Retype the line in which "Rose engine lathe." appears, then every line after it until the records end. Leave out the pictures.
*** PROVIDED DATA Section Begins ***
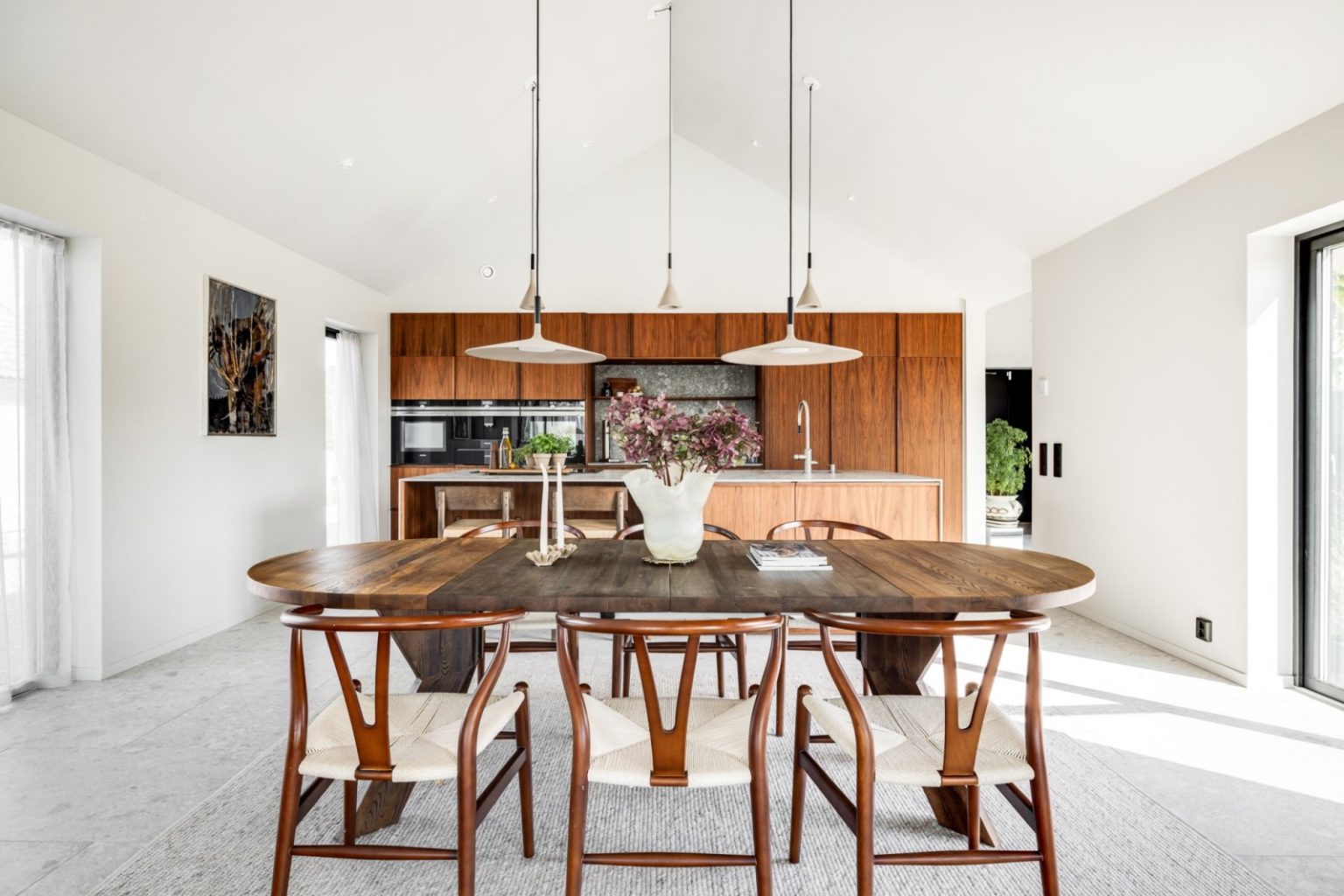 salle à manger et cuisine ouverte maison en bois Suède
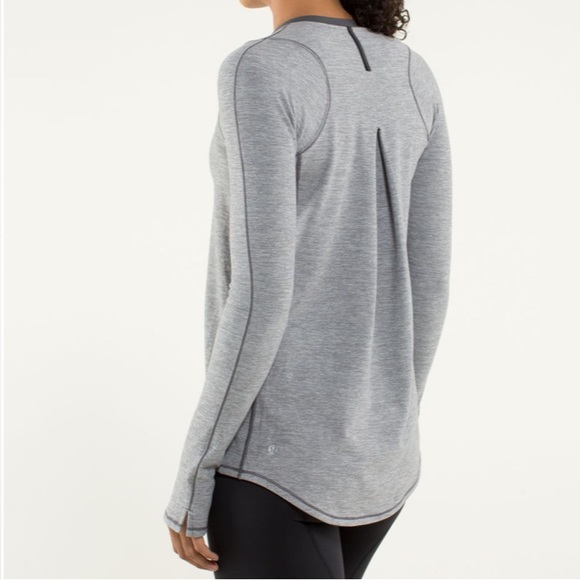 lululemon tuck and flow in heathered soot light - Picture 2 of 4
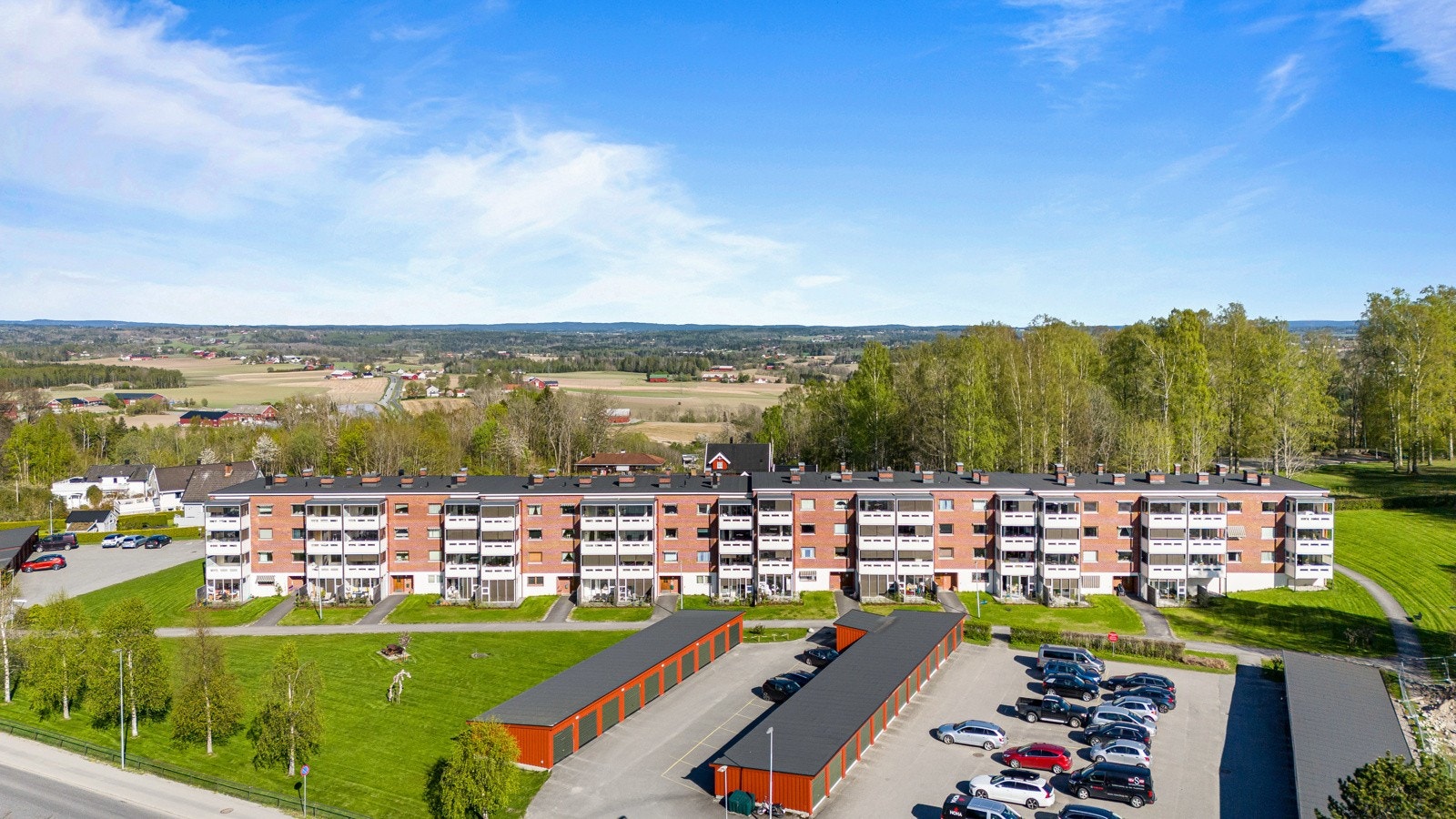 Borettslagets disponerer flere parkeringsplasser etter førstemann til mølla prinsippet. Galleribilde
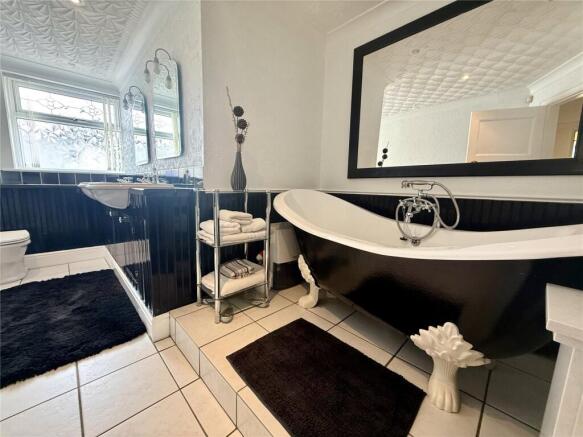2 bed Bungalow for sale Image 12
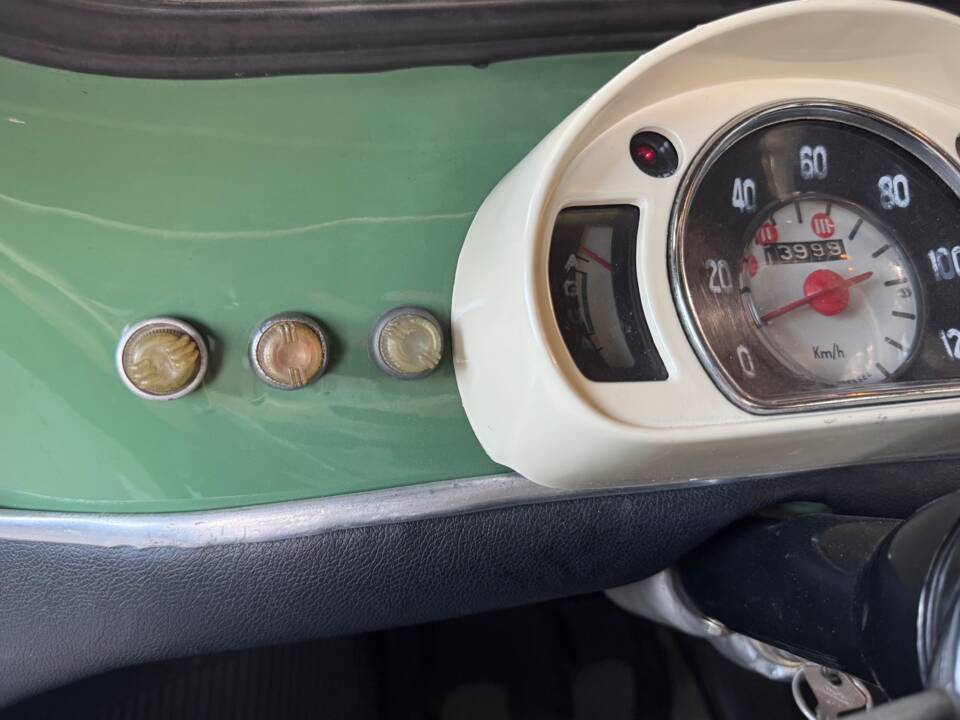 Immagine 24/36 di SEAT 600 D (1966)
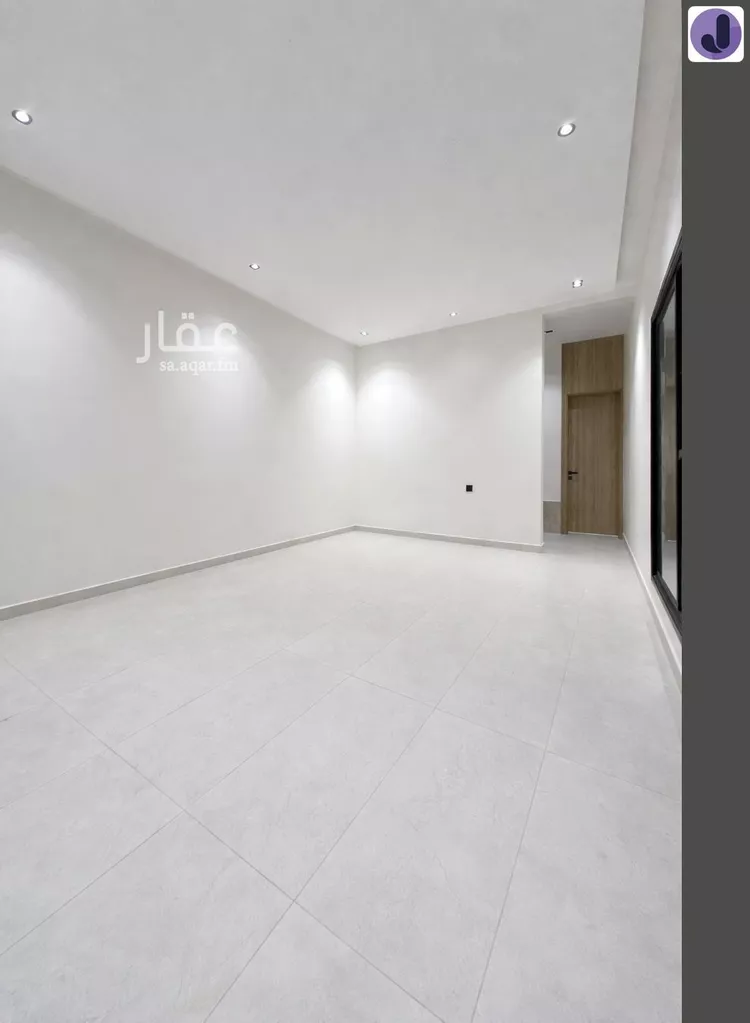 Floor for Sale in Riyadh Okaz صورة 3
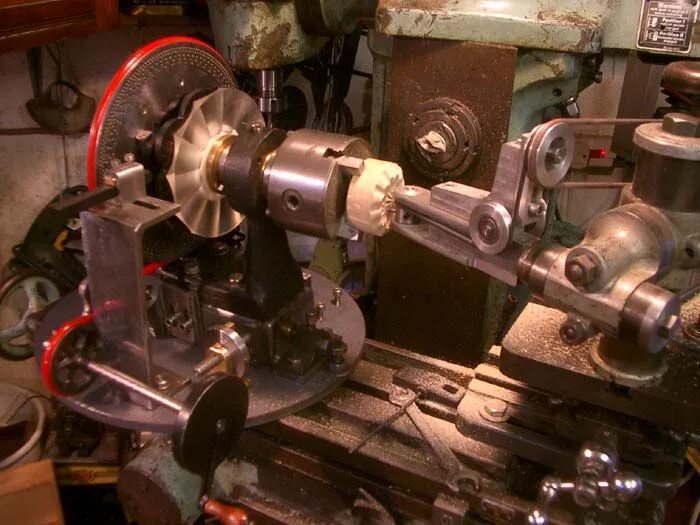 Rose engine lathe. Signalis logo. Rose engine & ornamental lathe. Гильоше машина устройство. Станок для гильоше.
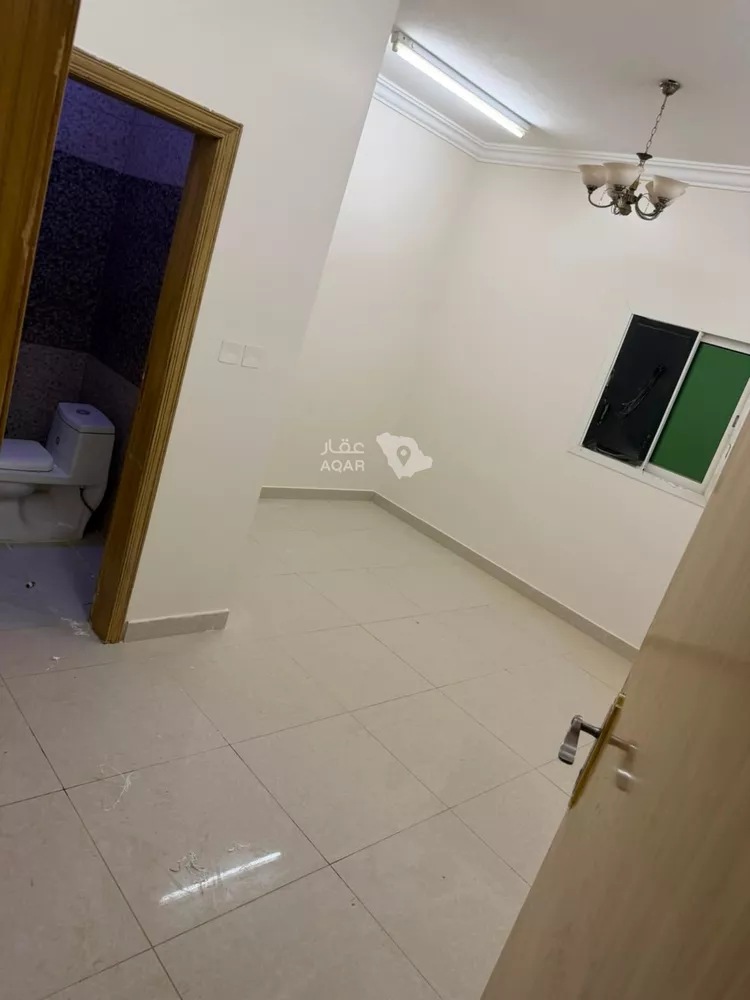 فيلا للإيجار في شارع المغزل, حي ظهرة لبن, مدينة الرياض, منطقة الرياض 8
*** PROVIDED DATA Section Ends ***
- [WRITTEN REPLY]:
 Rose engine lathe. Signalis logo. Rose engine & ornamental lathe. Гильоше машина устройство. Станок для гильоше.
 فيلا للإيجار في شارع المغزل, حي ظهرة لبن, مدينة الرياض, منطقة الرياض 8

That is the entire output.